Material supplied:
==============================

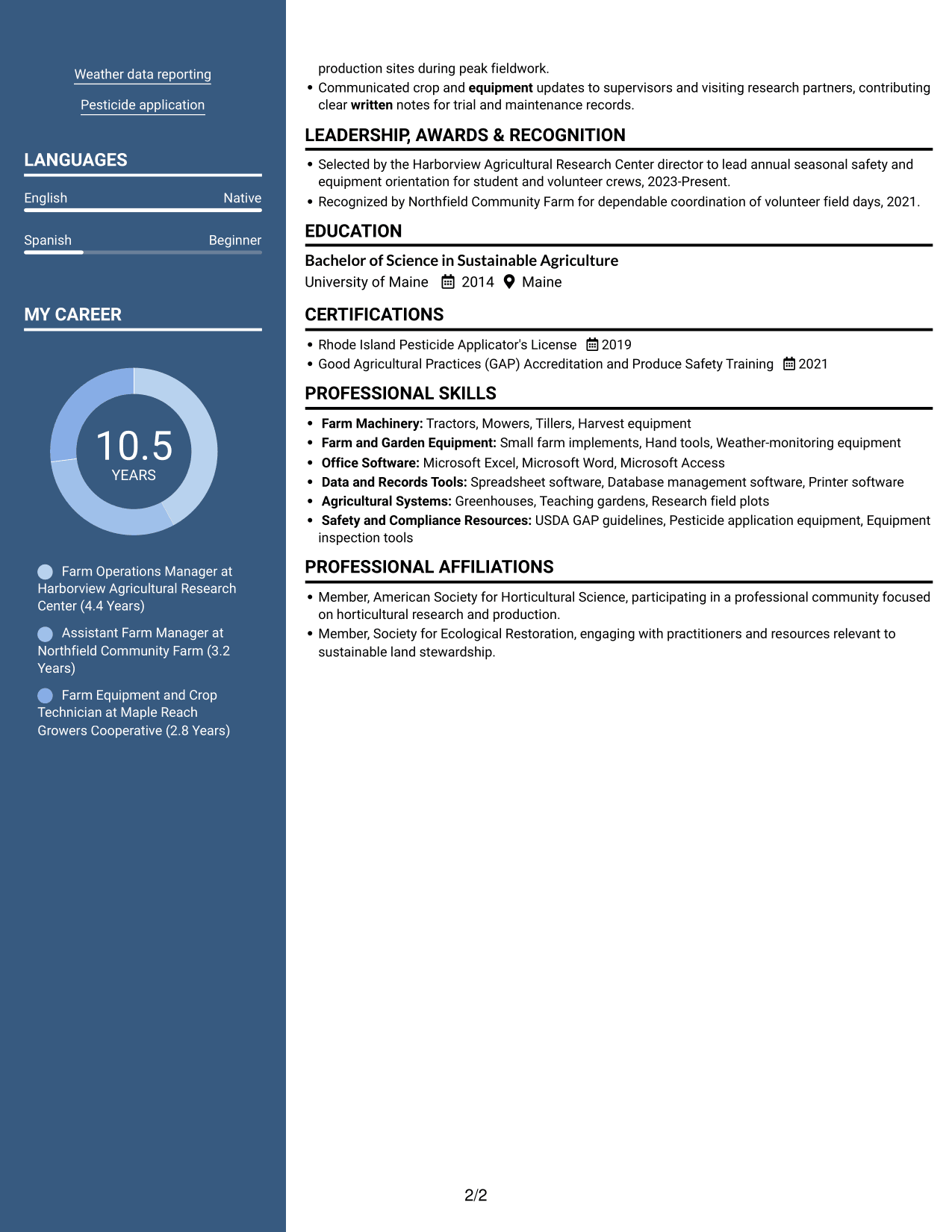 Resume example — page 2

==============================

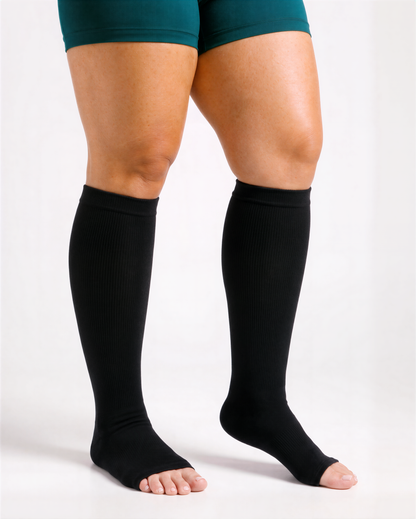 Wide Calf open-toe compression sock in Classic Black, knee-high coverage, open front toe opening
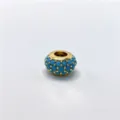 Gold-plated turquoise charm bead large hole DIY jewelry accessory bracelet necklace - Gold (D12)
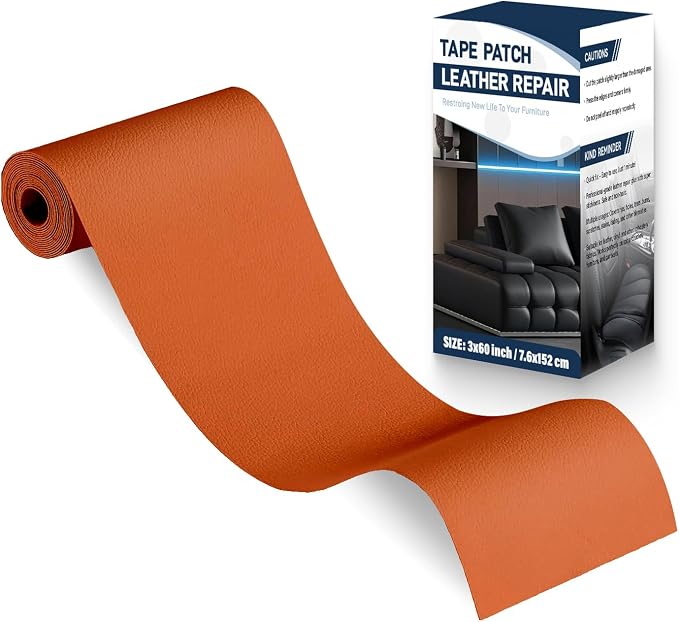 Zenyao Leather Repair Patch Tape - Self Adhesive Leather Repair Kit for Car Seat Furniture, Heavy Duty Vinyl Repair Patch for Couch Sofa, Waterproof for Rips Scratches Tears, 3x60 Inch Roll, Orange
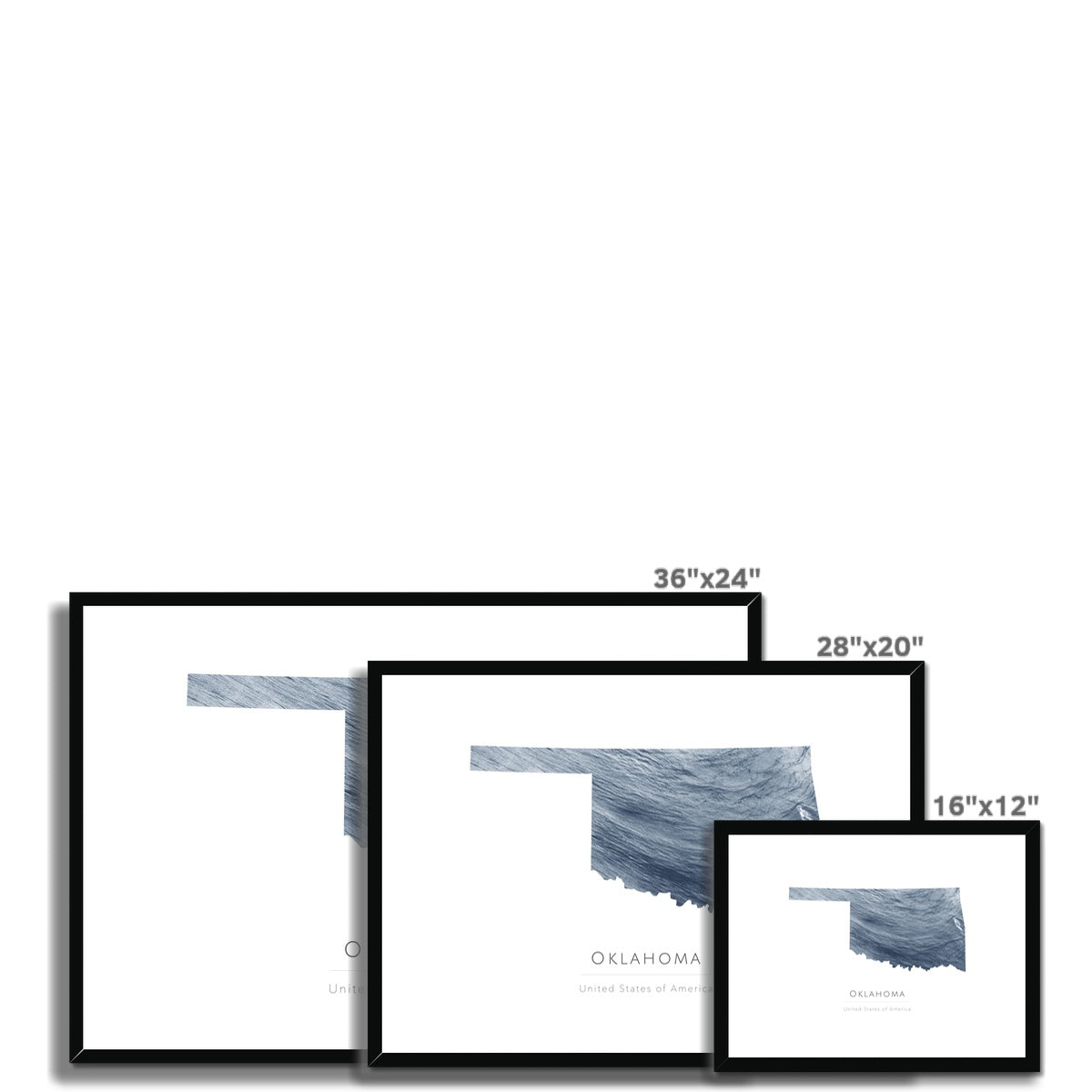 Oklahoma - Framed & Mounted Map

==============================

Work to be completed:
When you reach the line with "Wide Calf open-toe" in the records above, begin repeating the lines exactly, and stop after the line with "Oklahoma - Framed & Mounted Map". Skip all pictures.

Answer below:
 Wide Calf open-toe compression sock in Classic Black, knee-high coverage, open front toe opening
 Gold-plated turquoise charm bead large hole DIY jewelry accessory bracelet necklace - Gold (D12)
 Zenyao Leather Repair Patch Tape - Self Adhesive Leather Repair Kit for Car Seat Furniture, Heavy Duty Vinyl Repair Patch for Couch Sofa, Waterproof for Rips Scratches Tears, 3x60 Inch Roll, Orange
 Oklahoma - Framed & Mounted Map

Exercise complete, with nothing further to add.